WHAT TO PRODUCE:
Produce a faithful copy of every record below, without the pictures.

RECORDS:
::::::::::
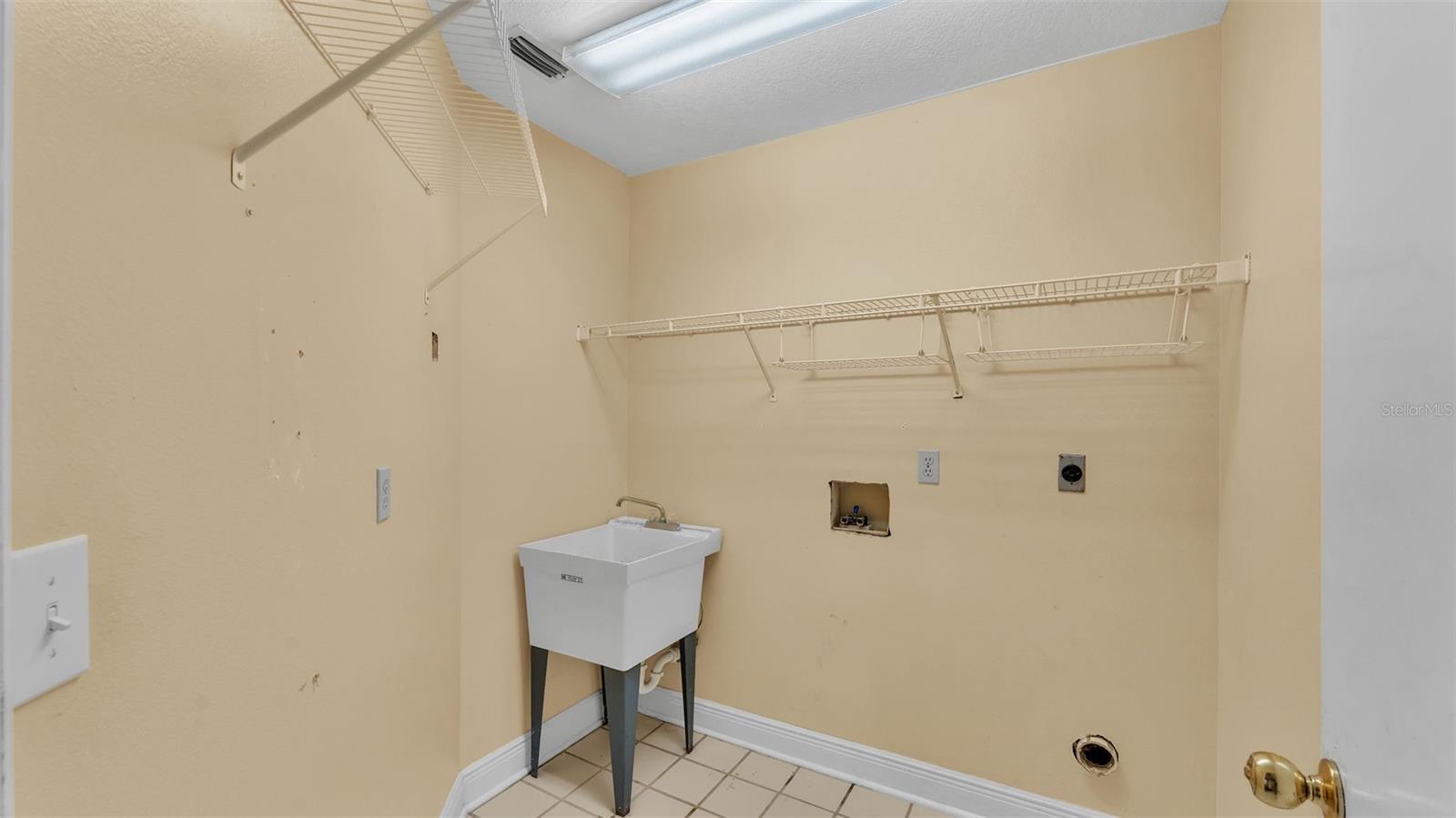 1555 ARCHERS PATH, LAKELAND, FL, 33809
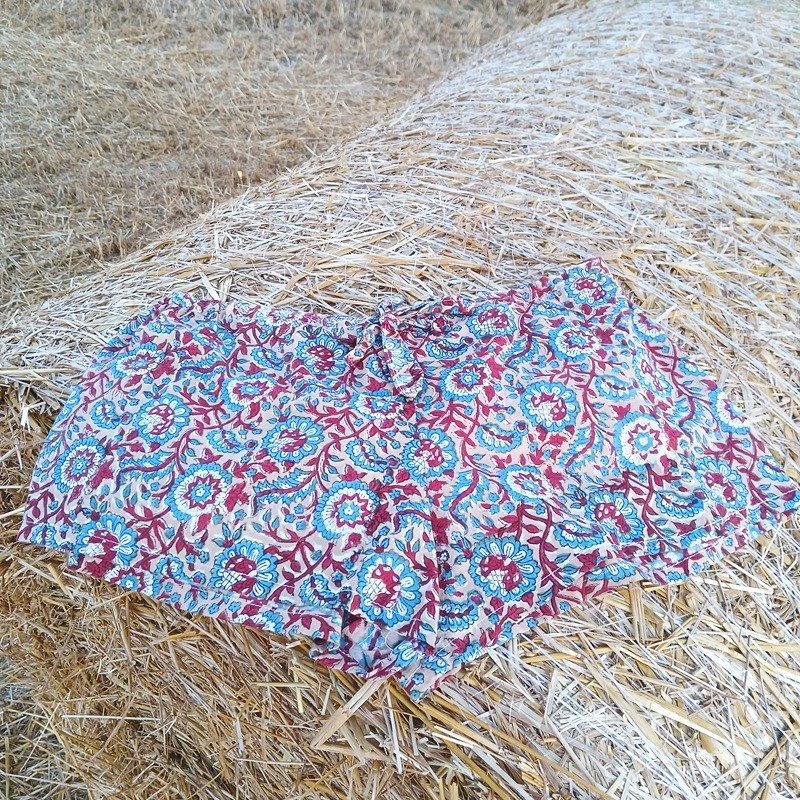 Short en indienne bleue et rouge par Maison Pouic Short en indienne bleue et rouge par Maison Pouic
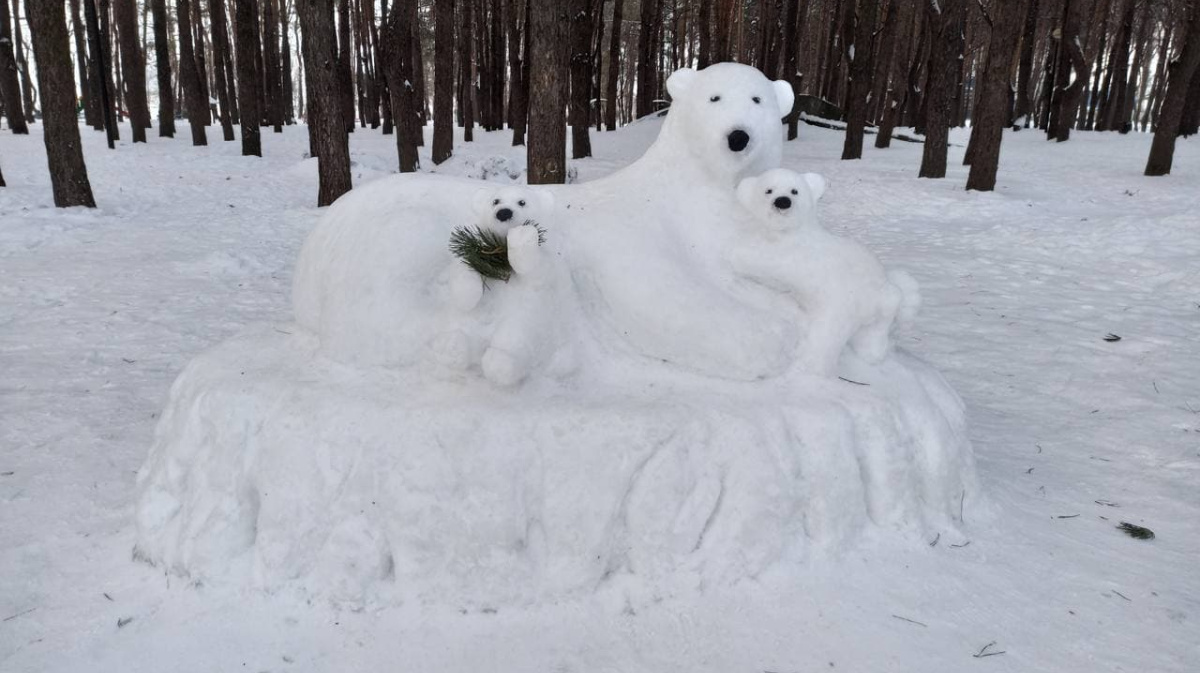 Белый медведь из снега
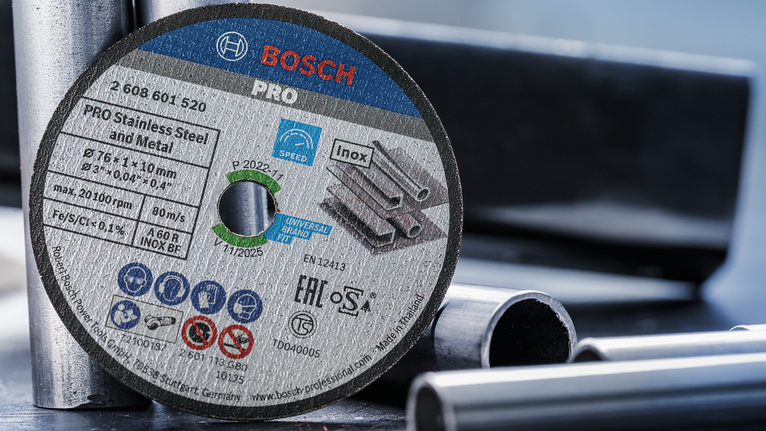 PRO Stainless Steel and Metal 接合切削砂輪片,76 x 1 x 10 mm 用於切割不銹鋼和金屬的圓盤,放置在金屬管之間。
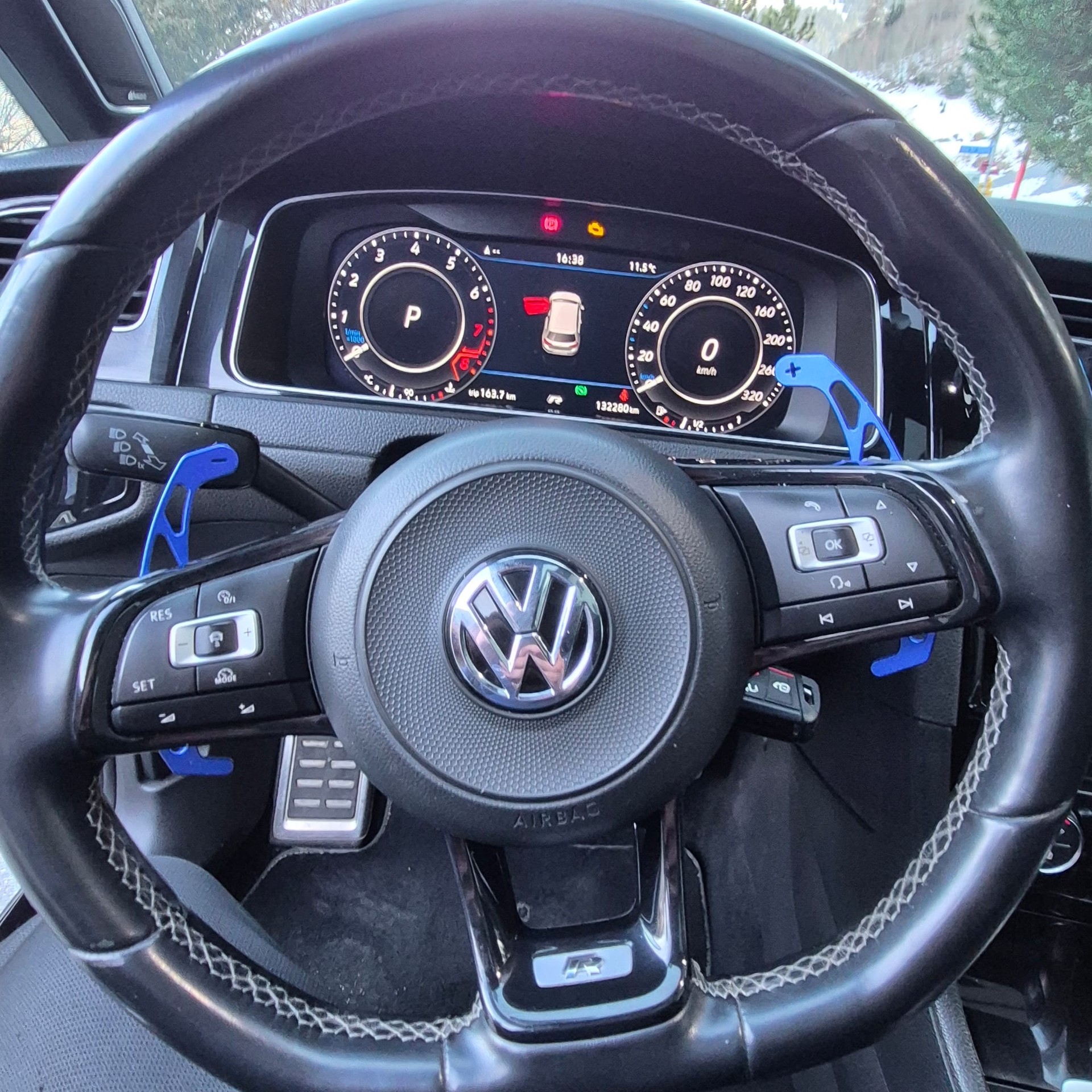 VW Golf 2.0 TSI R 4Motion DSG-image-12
::::::::::
YOUR RESPONSE:
 1555 ARCHERS PATH, LAKELAND, FL, 33809
 Short en indienne bleue et rouge par Maison Pouic Short en indienne bleue et rouge par Maison Pouic
 Белый медведь из снега
 PRO Stainless Steel and Metal 接合切削砂輪片,76 x 1 x 10 mm 用於切割不銹鋼和金屬的圓盤,放置在金屬管之間。
 VW Golf 2.0 TSI R 4Motion DSG-image-12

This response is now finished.